--- EXERCISE DATA Enclosed Below ---

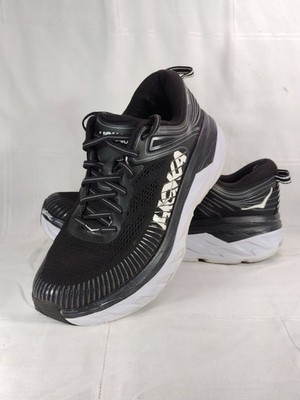 Hoka One One Bondi 7 Sneakers SZ 10 Black White  1110519-BWHT Running See photo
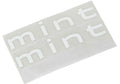 Mint Logo Hull Sticker in white on clear (Pack 2)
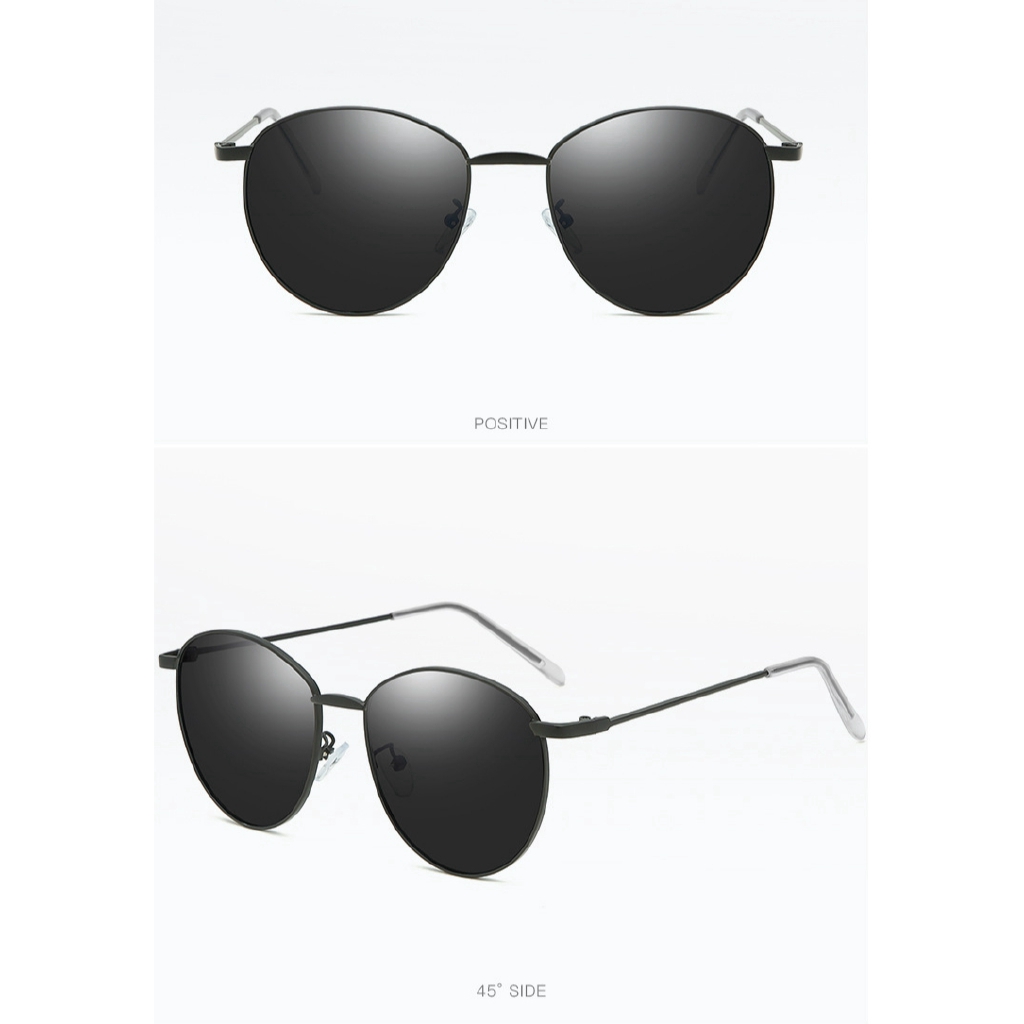 Kính mát Thời trang kim loại trùm đầu cho nam và nữ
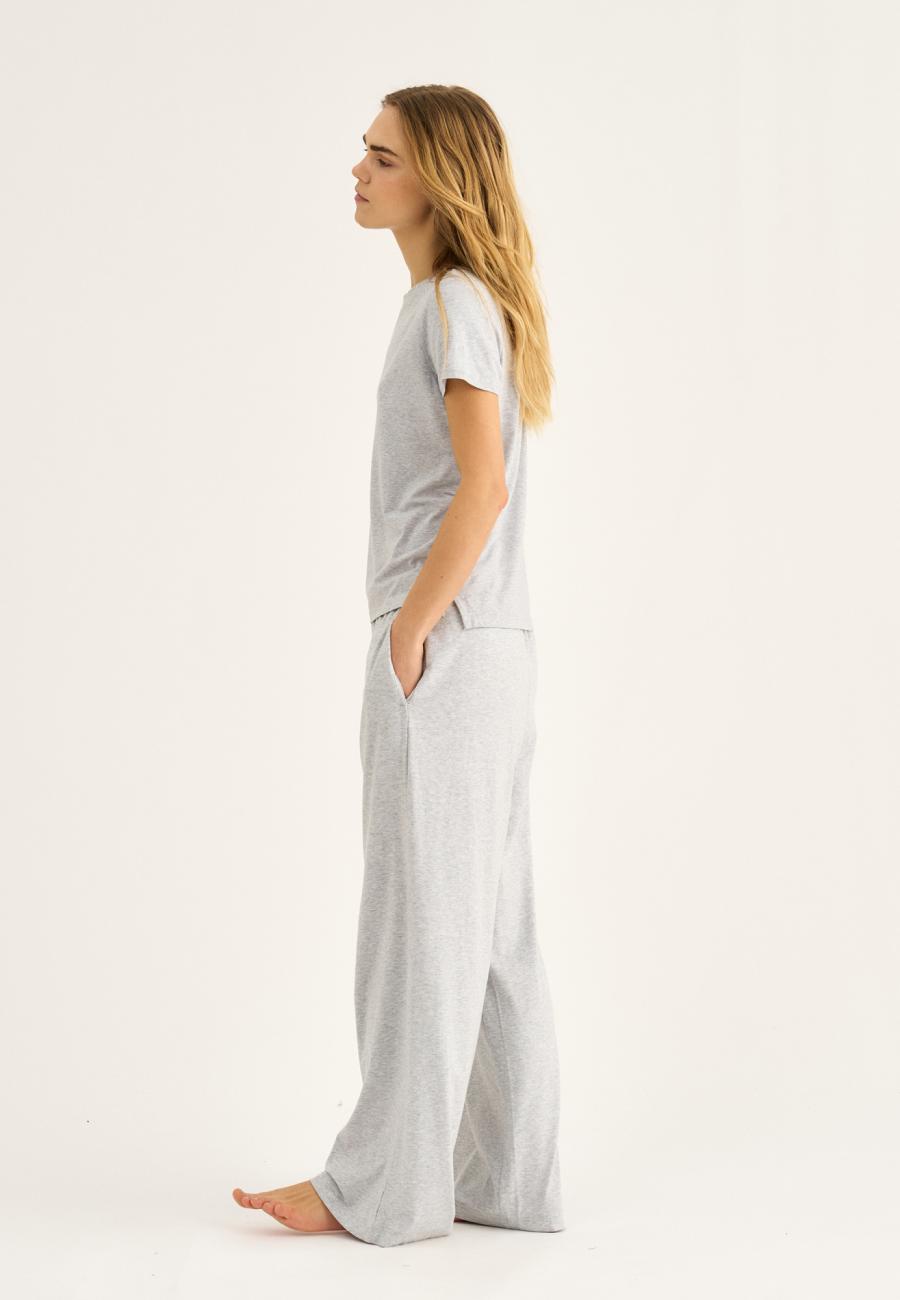 Hose „gerades Bein“ | Bambusviskose | Grau -JBS of Denmark Women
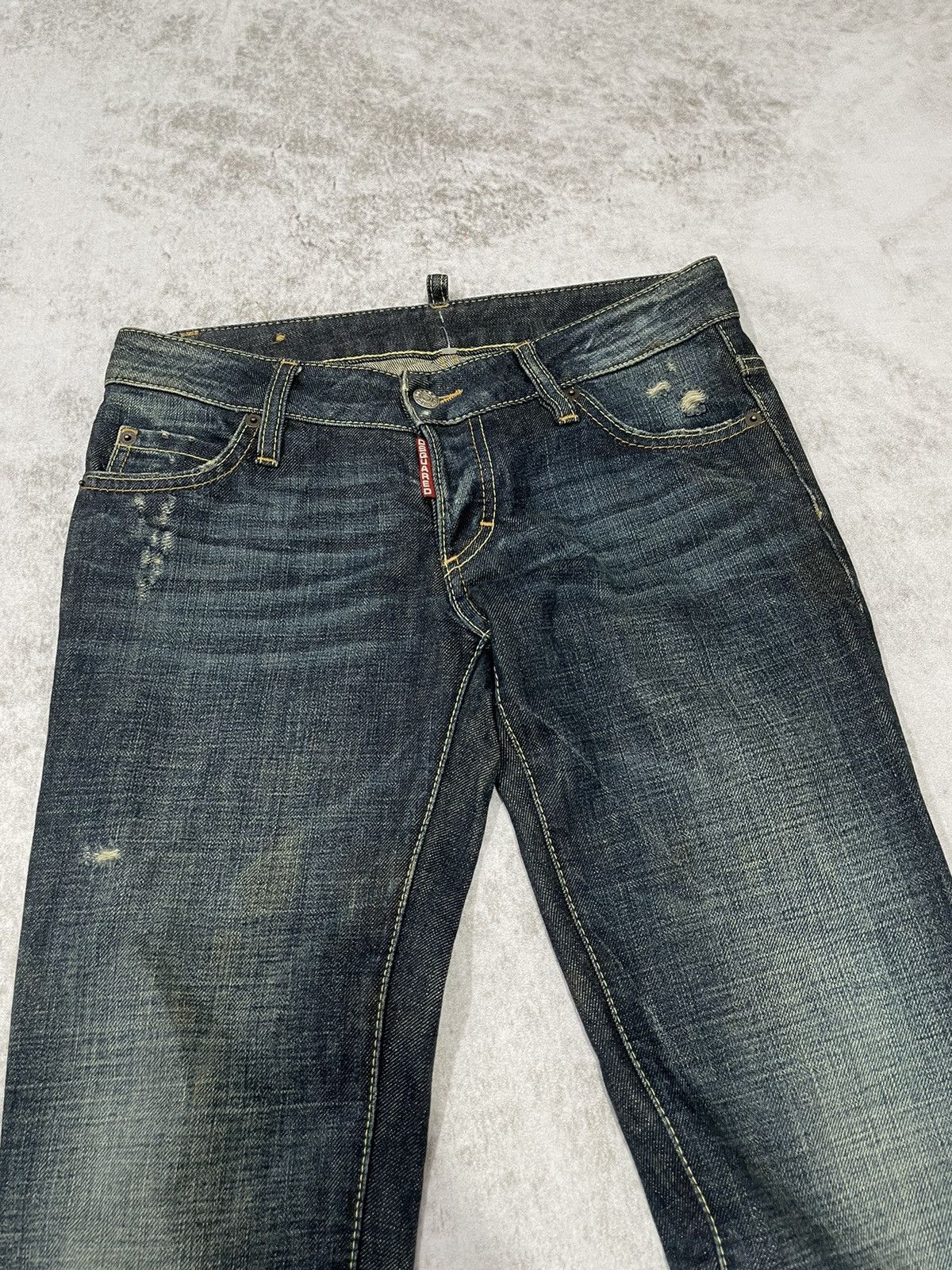 Hysteric Glamour × If Six Was Nine × Le Grande Bleu (L.G.B.) 2000s Dsquared2 skiny japan denim pants punk style Size US 28 / EU 44 - 3 Thumbnail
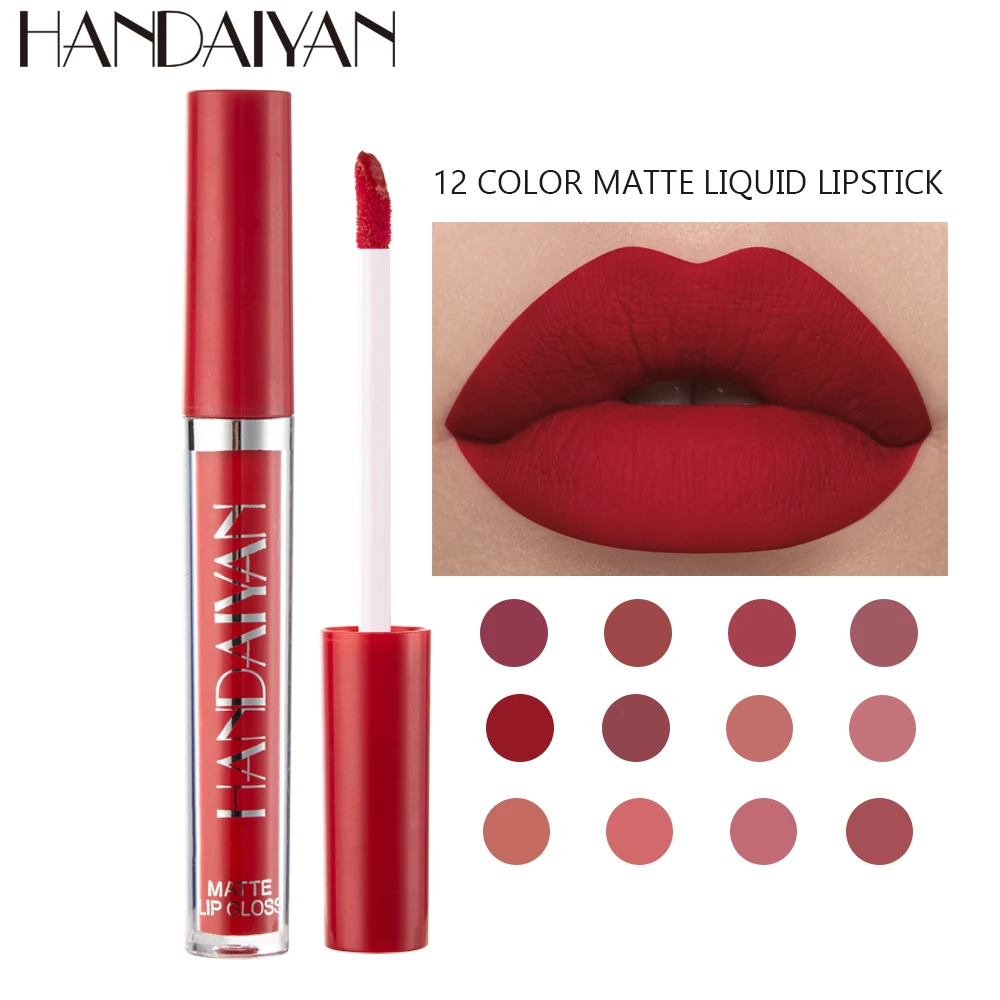 Handaiyan Liquid Matte Lip Gloss Waterproof| Alibaba.com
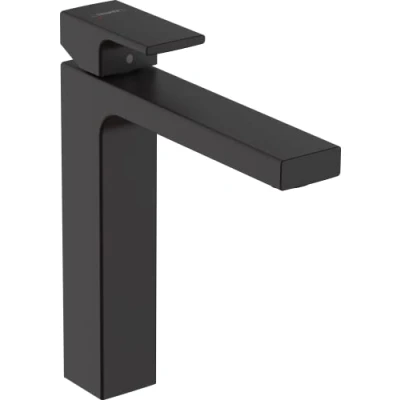Abbildung von hansgrohe Waschtischarmatur &quot;Vernis Shape&quot;, 19cm, mit isolierter Wasserführung und Zugstangen Ablauf
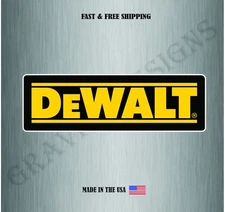 DeWalt Tools Vinyl Sticker Decal Tool Box Garage Truck Bumper Water Resistant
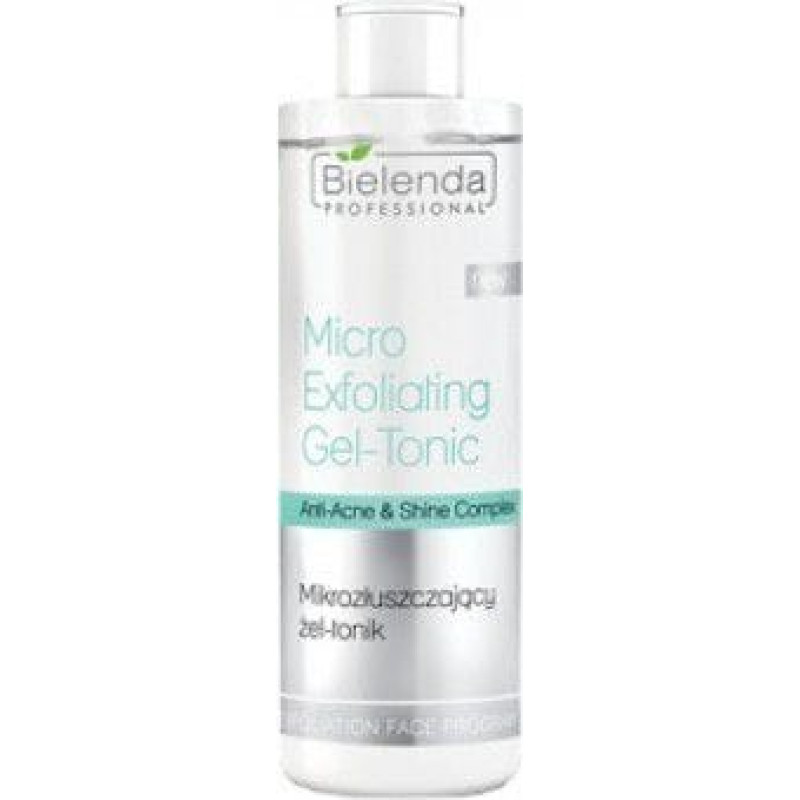 Bielenda Professional Micro Exfoliating Gel-Tonic mikrozłuszczający żel-tonik do twarzy 200g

--- End of Enclosed EXERCISE DATA ---

_EXERCISE AIM_
Your copy should match the listing exactly, apart from the pictures it leaves out.

_OUTPUT BELOW_
 Hoka One One Bondi 7 Sneakers SZ 10 Black White  1110519-BWHT Running See photo
 Mint Logo Hull Sticker in white on clear (Pack 2)
 Kính mát Thời trang kim loại trùm đầu cho nam và nữ
 Hose „gerades Bein“ | Bambusviskose | Grau -JBS of Denmark Women
 Hysteric Glamour × If Six Was Nine × Le Grande Bleu (L.G.B.) 2000s Dsquared2 skiny japan denim pants punk style Size US 28 / EU 44 - 3 Thumbnail
 Handaiyan Liquid Matte Lip Gloss Waterproof| Alibaba.com
Abbildung von hansgrohe Waschtischarmatur &quot;Vernis Shape&quot;, 19cm, mit isolierter Wasserführung und Zugstangen Ablauf
 DeWalt Tools Vinyl Sticker Decal Tool Box Garage Truck Bumper Water Resistant
 Bielenda Professional Micro Exfoliating Gel-Tonic mikrozłuszczający żel-tonik do twarzy 200g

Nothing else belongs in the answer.